1.05.2007
Músicas/ Interiores
Podemos habitar a música como se fosse o espaço mais íntimo da nossa própria casa? Um disco voltado a escutar recentemente, na placidez relativa dos dias feriados, fez-me pensar que sim. Approaching Silence, objecto com tantas vozes e palavras quase imperceptíveis em fundo, onde David Sylvian se remete, junto com Robert Fripp, Frank Perry e Holger Czukay, a uma arquitectura exclusivamente instrumental, é um extenso manto sonoro (duas peças de duração superior a 30 minutos com um interlúdio breve pelo meio) que me acompanhou as práticas de yôga caseiras e que havia deixado de ouvir desde que a casa passou a ser outra. Experimentei de novo, há poucos dias atrás, e foi como se me sentísse transportado para aquele outro espaço. Bem vistas as coisas, o espaço é o mesmo, não fossem as emoções a toldar uma imagem interior que vem de dentro de mim. Assim como é também profunda e não quantificável a ligação que sinto para com estas composições de Sylvian/Fripp/Perry/Czukay, todos em particular, um mais em particular que todos os outros.

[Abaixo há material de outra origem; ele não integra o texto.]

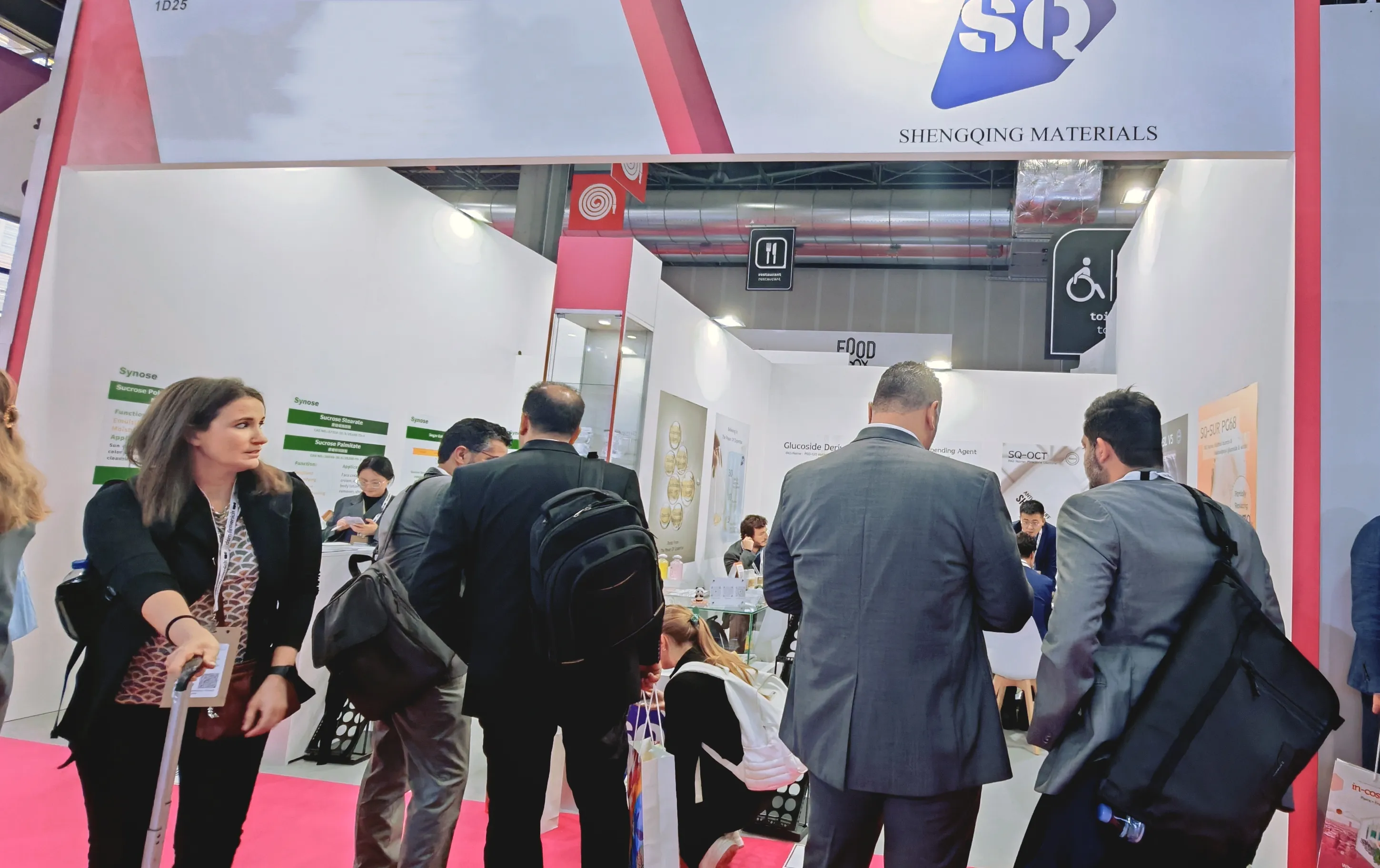 Shengqing participó con éxito en in-Cosmetics Global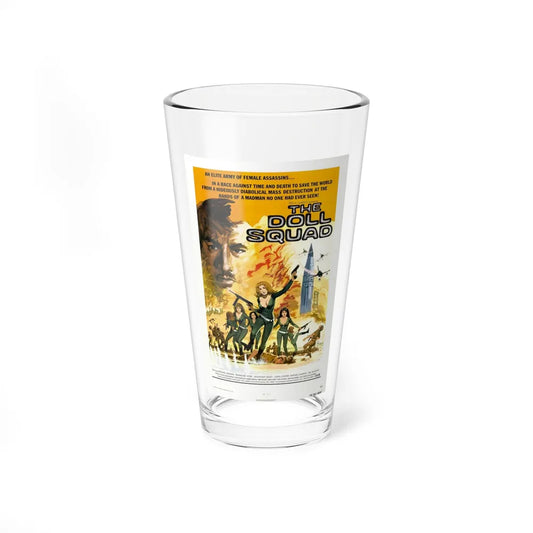 THE DOLL SQUAD 1973 Movie Poster - Pint Glass 16oz-16oz-Go Mug Yourself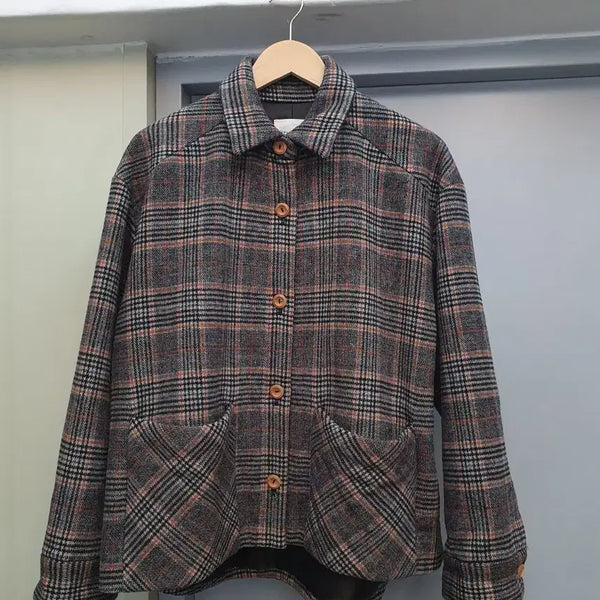 [BUNJANG] Studio Tomboy Check Wool Jacket Free Size / 스튜디오톰보이 체크 모직 자켓 F
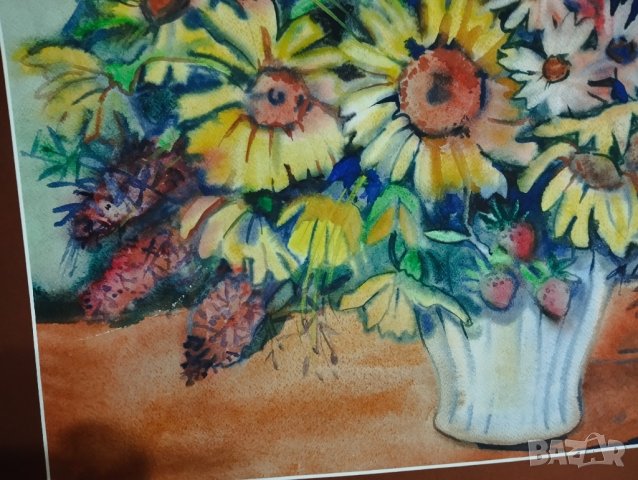 картина-цветя, снимка 3 - Картини - 43553533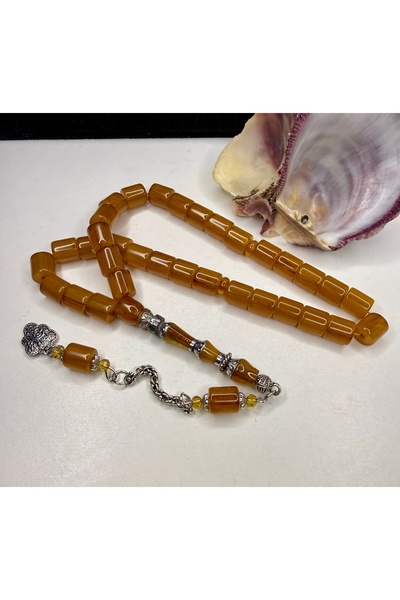 İskenderun Tesbihcilik سبحة ناكاش إمامي من العنبر بتصميم عثماني مميز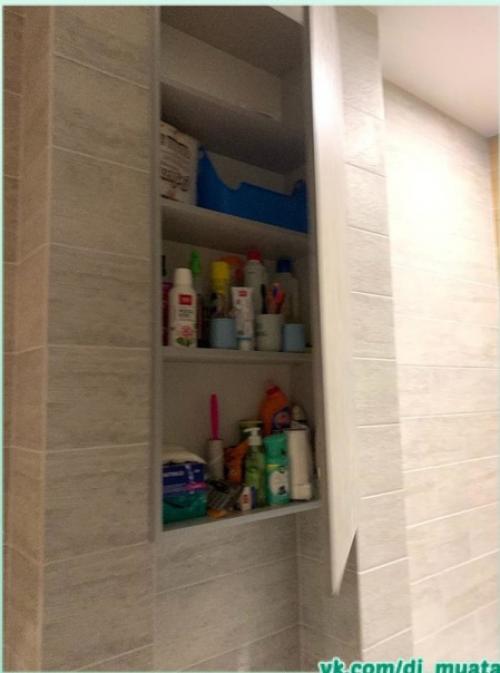 До и после ремонта ванной комнаты. 06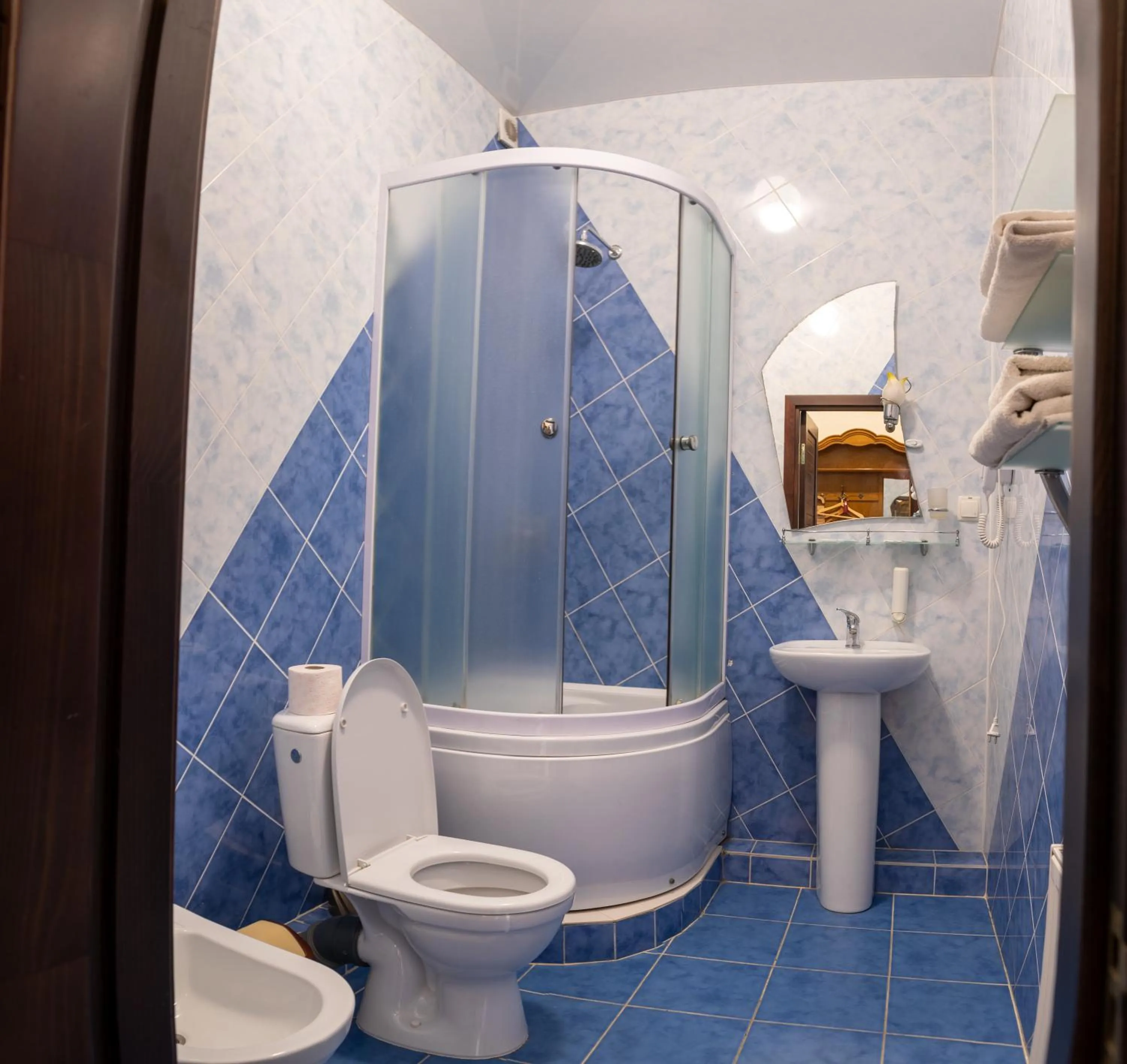 Shower in Hetman Hotel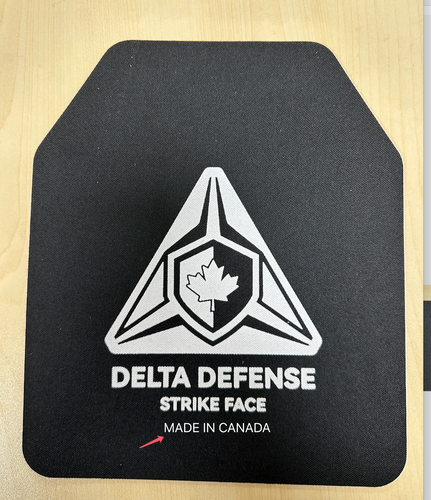 IIIa Shooters Cut Soft Armour Panel Set, 10x12 MADE in CANADA 🍁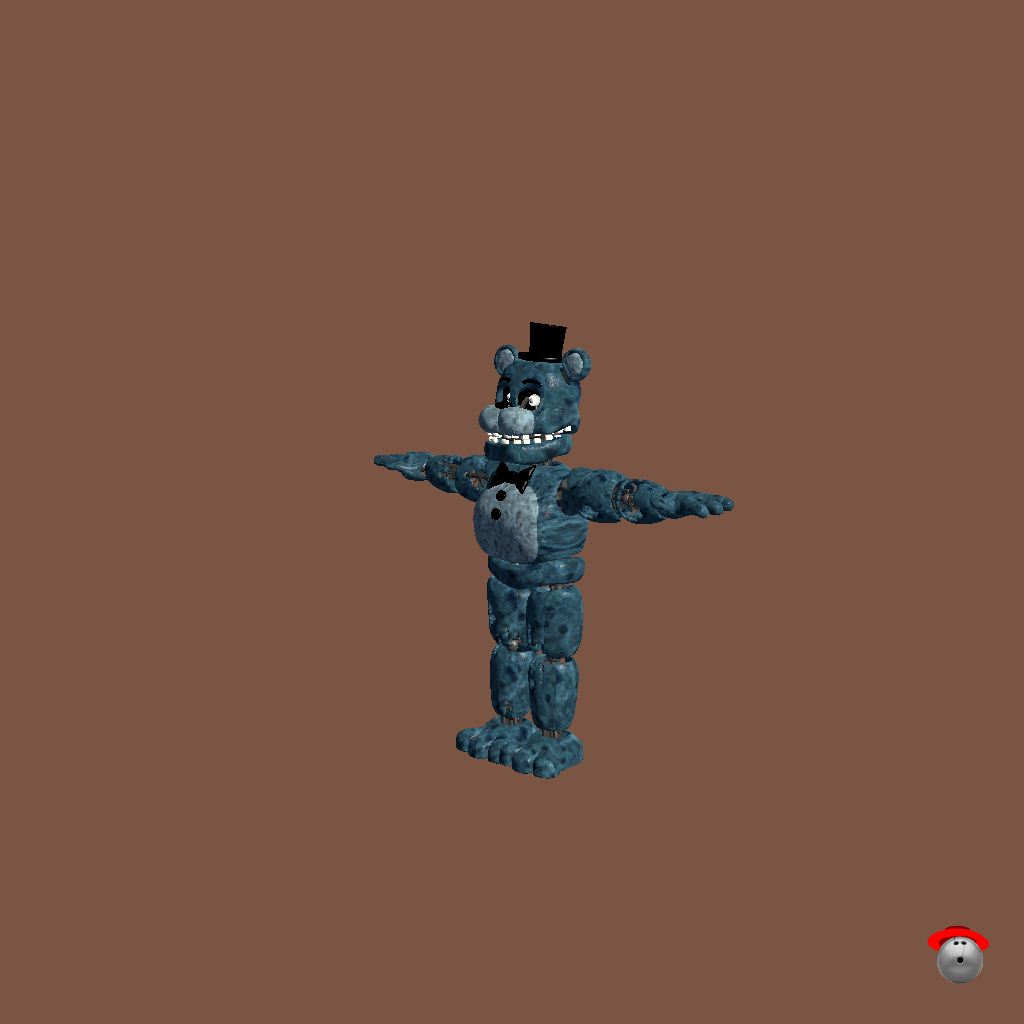 WITHERED BEAR5 -［FNAF⁄MEME］ - Front Left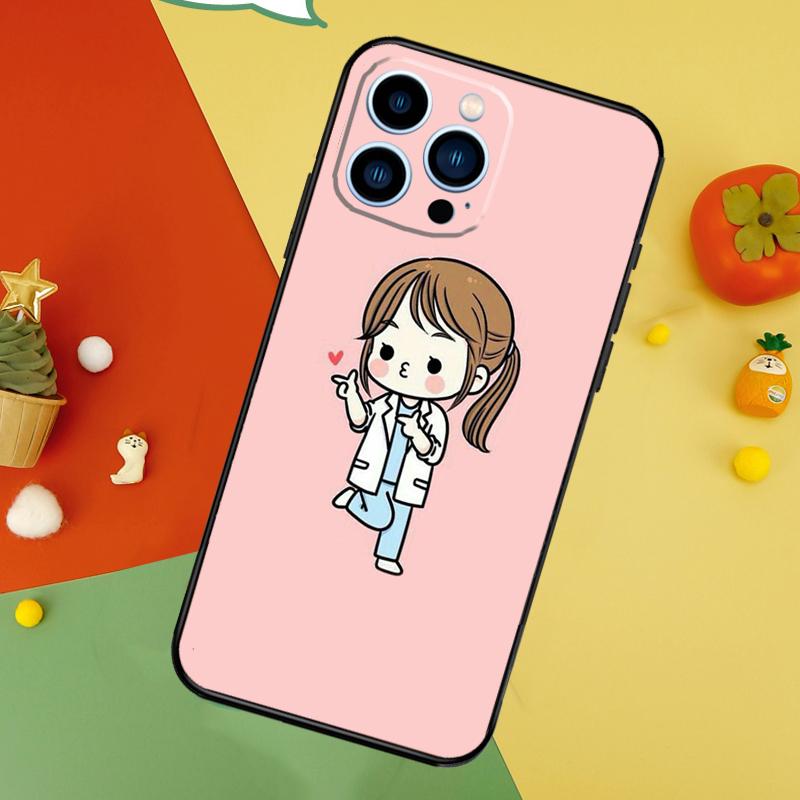 Медицинский чехол для медсестры, чехол для здоровья, чехол для iPhone 15 16 11 13 12 14 Pro Max Mini X XR XS 7 8 Plus, задняя крышка, корпус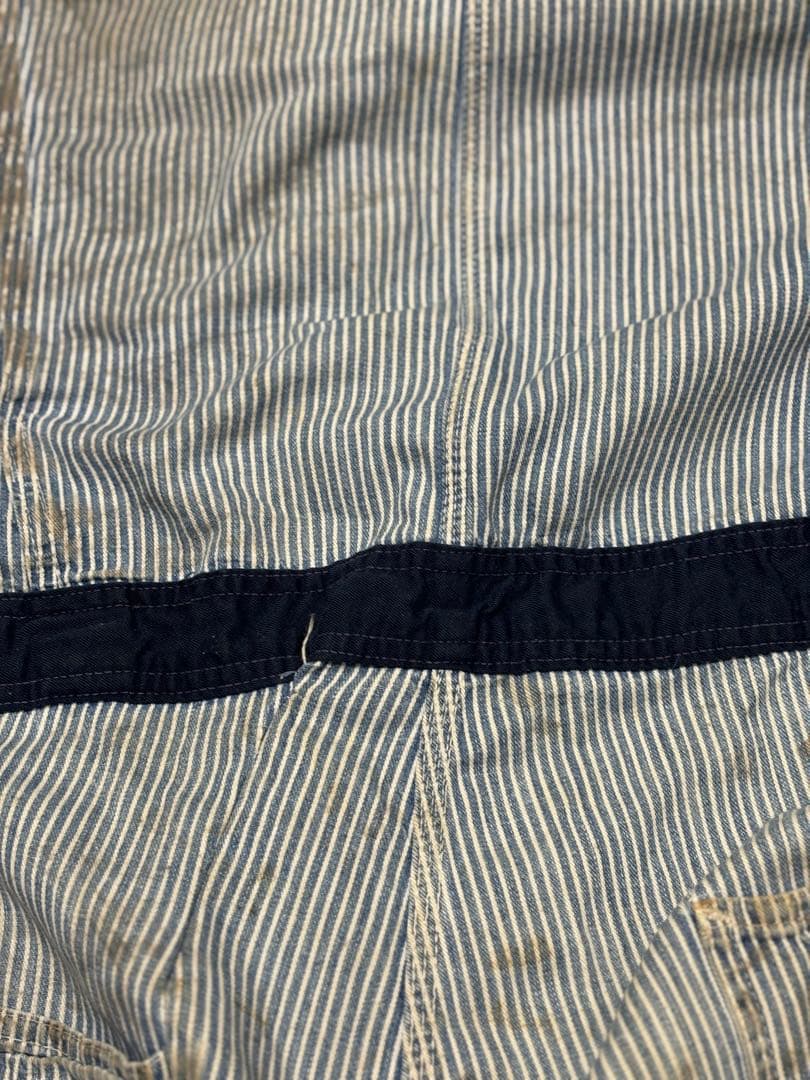 グ*ン様 超希少！1950sヴィンテージオールインワン　ヒッコリーつなぎ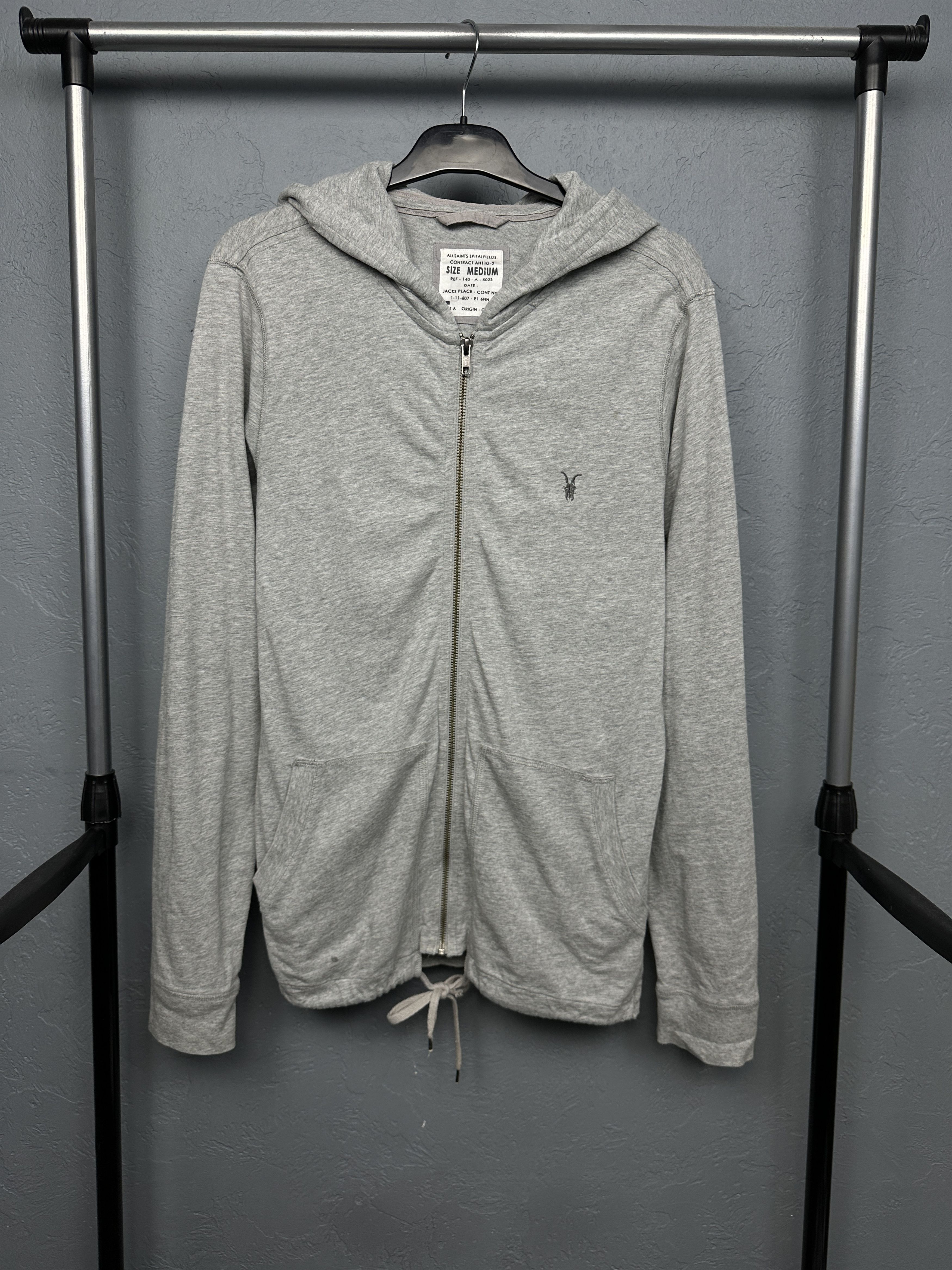 Allsaints Allsaints Vintage Mens Bolt Zip Hoodie Size US M / EU 48-50 / 2 - 1 Thumbnail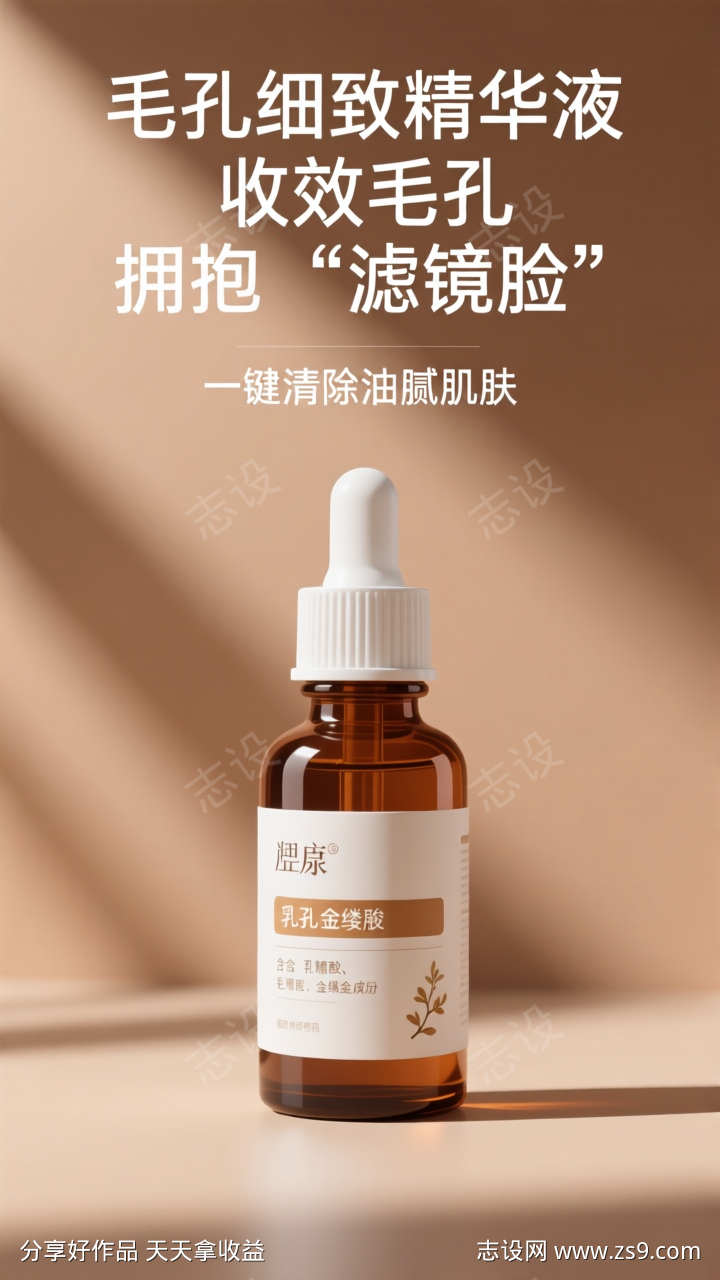 简约电商美妆产品场景海报背景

Pelos mesmos dias deu-se igualmente o reencontro com o CD Frantic de Bryan Ferry - "perdido", depois recuperado - e foi como se nunca antes o tivesse ouvido. Isto é pura especulação, eu sei, mas senti uma projecção tal nestas canções daquilo que imagino que seja a pessoa de Ferry - sabendo que existem duas que são covers brilhantes de Bob Dylan, de que Ferry se ocupará na totalidade do seu próximo disco - que o CD poder-se-ia chamar "The Life of Bryan" com igual propriedade. De repente, não me recordo assim de outro alinhamento maduro que traduza aquilo que pode ser a "dor de corno" sentida já na segunda metade da vida.
Para último lugar fica uma referência obrigatória (um mea culpa) a um dos melhores CD's de 2006 que acabou esquecido no momento de fazer contas à música do ano. The Letting Go é pelo menos tão belo como o melhor que está para trás na discografia de Bonnie Prince Billy. Não faço ideia que raio terá acontecido para que não me tivesse apercebido logo às primeiras audições do encantamento que se desprende destas canções. Será porventura o disco do apaziguamento de quem já olhou de frente a "escuridão", a não ser que mais escutas lhe revelem um lado sublinhado a negro. A rendição de Oldham (onde teria ele escondido a serenidade?) que a paisagem da Islândia terá sido a primeira testemunha. Mas nunca antes de Dawn McCarthy (dos Faun Fables), aquela que juntou a sua à voz igualmente sobrenatural de Will Oldham. The Letting Go representa assim uma espécie de prolongamento do Harvest Moon de Neil Young por atalhos menos luminosos. Seja a sua harmonia apenas aparente, continuará a ser tão maravilhoso quanto isso.